Exercise instructions
Every line below from the one with "LanBeNa Narben-und Akne-Mark-Entfernung" through the one with "ब्रेन ट्युमर वा" should be retyped exactly, both ends included; no other lines and no pictures.

Provided data
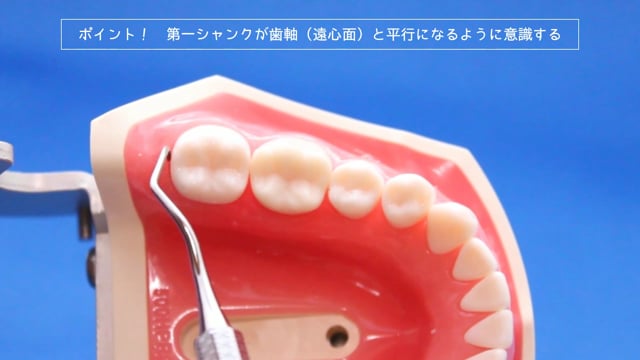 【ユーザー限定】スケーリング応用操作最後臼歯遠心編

---

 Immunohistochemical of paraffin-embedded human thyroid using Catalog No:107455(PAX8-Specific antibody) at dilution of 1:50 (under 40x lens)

* * *

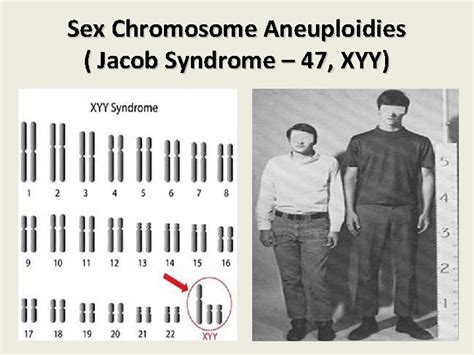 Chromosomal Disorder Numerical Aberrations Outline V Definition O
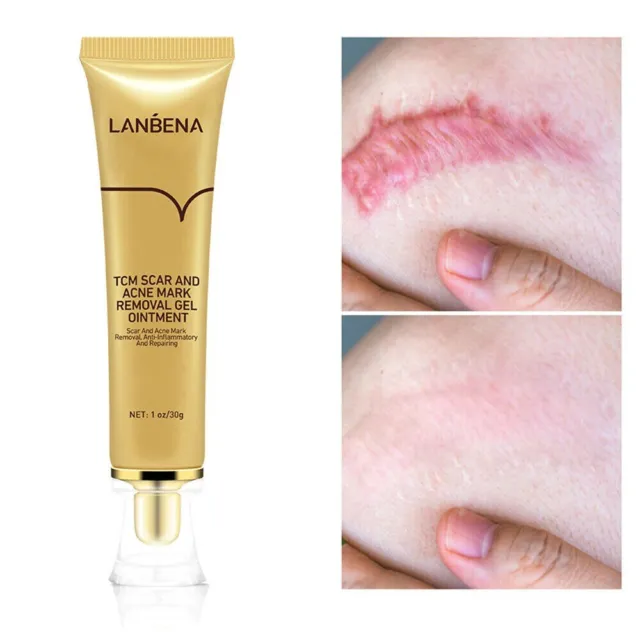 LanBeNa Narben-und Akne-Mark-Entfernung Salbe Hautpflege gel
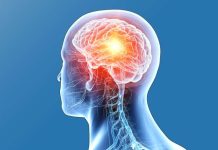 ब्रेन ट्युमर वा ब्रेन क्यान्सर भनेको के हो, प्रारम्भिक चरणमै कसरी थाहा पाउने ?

Response for this exercise
 LanBeNa Narben-und Akne-Mark-Entfernung Salbe Hautpflege gel
 ब्रेन ट्युमर वा ब्रेन क्यान्सर भनेको के हो, प्रारम्भिक चरणमै कसरी थाहा पाउने ?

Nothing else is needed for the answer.